No, all is not fine in this case. His dad is ignorant about the all the four issues which I explained to him in detail. Spending 15-20 minutes with kids of this age-group are well spent because their dentition and occlusion is in formative stage.
Issue 1: Child’s lower front tooth is erupting in a position. So, the adjoining milk tooth is required to be removed (extracted) so that ‘tilted tooth’ is given an opportunity to straighten itself. It may not come in perfect alignment with just one extraction but we can always review the progreses periodically so that further intervention is done as and when needed.
Issue 2: Like most of parents of kids of this age-group, this dad does not know that in child’s mouth three permanent molas have already erupted. The two back molars at the last in the upper jaw and one molar on the child’s lower left side are first permanent molars which are also known as 6-year molars just because of the reason that these erupt at 6-year.
However, the tragedy with these 6-year molars is that parents think the kid is having only milk teeth in his mouth. Even if these are involved with caries and develop cavities, little attention is given thinking that these would fall off to make room for the permanent molars.
Dental Caries in such first molars (these are disease-free in this child) like caries in other milk teeth (see the pictures) is neglected until these start causing spontaneous pain.
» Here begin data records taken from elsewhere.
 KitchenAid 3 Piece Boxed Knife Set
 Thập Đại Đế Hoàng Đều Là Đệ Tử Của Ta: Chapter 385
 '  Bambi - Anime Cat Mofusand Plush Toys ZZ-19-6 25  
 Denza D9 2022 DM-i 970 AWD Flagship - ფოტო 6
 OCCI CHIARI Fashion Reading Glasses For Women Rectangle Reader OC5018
It usually indicates that the teeth won’t be managed with just restorations (fillings) – these would require Root canal therapy later on followed by capping (“Crowns”). This treatment is beyond the reach of 99% population (due to various reasons) and so a life-long cycle of suffeing starts —one after the other!
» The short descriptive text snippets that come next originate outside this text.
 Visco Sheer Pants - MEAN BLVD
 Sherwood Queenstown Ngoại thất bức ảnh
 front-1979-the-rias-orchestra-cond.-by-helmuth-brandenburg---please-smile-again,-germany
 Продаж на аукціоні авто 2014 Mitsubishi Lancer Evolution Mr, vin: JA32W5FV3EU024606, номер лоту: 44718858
So, parents are to be made aware of taking utmost care of those newly erupted 6-year permanent molars.
Issue 3: Multiple Caries – The child has dental caries in many teeth which require restorations. The tooth in which child has suffered swelling and pain would require endodontic care (just like Root canal treatment) because these would still in the mouth for next 4-5 years approximately. This is the ideal situation. But just only a fraction of kids requiring such treatment (say less than 1%) can get such elaborate care resulting in further destruction of dental structure, repeated swellings, repeated antibiotics and so on … ultimately, some day this would break off on its own leaving behind roots stumps of milk teeth in the jaw. But the important point is that at times we choose not to remove those roots —which act as space maintainer by keeping the space reserved for permanent teeth developing underneath . And when the erupting permanent tooth pushes such roots they shed off later on.
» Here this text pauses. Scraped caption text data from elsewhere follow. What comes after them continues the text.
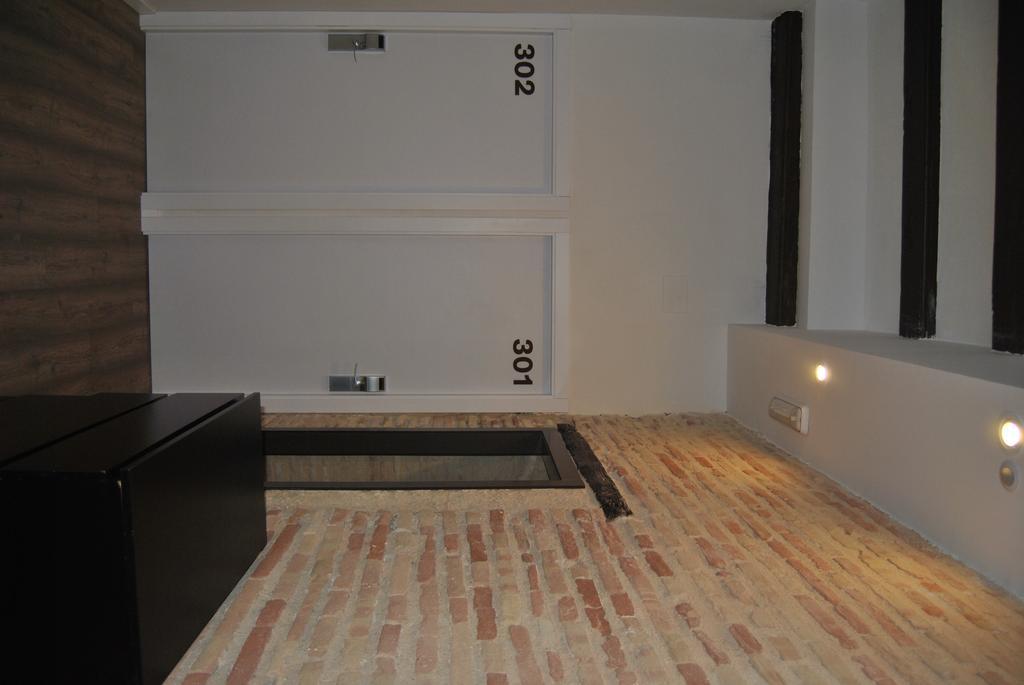 Sweet Otel Valencia Cameră foto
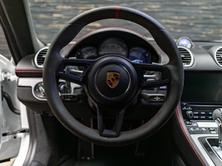 PORSCHE 718 Cayman GT4 PDK, Petrol, Second hand / Used, Automatic - 7
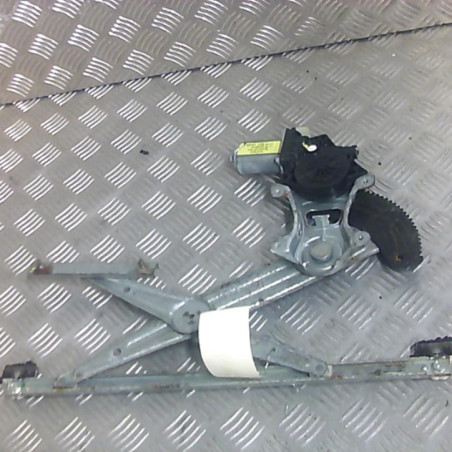 Leve vitre electrique avant gauche NISSAN MICRA 4 Photo n°1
Issue 4: Best Oral Hygiene Practice – this child is not trained in any oral hygiene practice. On his next visit, he would come with his toothpaste and brush when he would be taught the correct technique of brushing. His father was asked to buy a good tongue-cleaner for him so that he gets initiated into tongue hygiene at this age –the earlier the better. He and his father has been explained about the factors which are “eating away” his teeth and therefore dietary restrictions with respect to the frequency of carbohydrates, their form , frequency and timings have been taken care of so that evil is nipped in the bud.
Once again this post highlights the importance of regular periodic check-ups every 6-month or earlier if the parents find anything unusual in between. Are you listening, folks?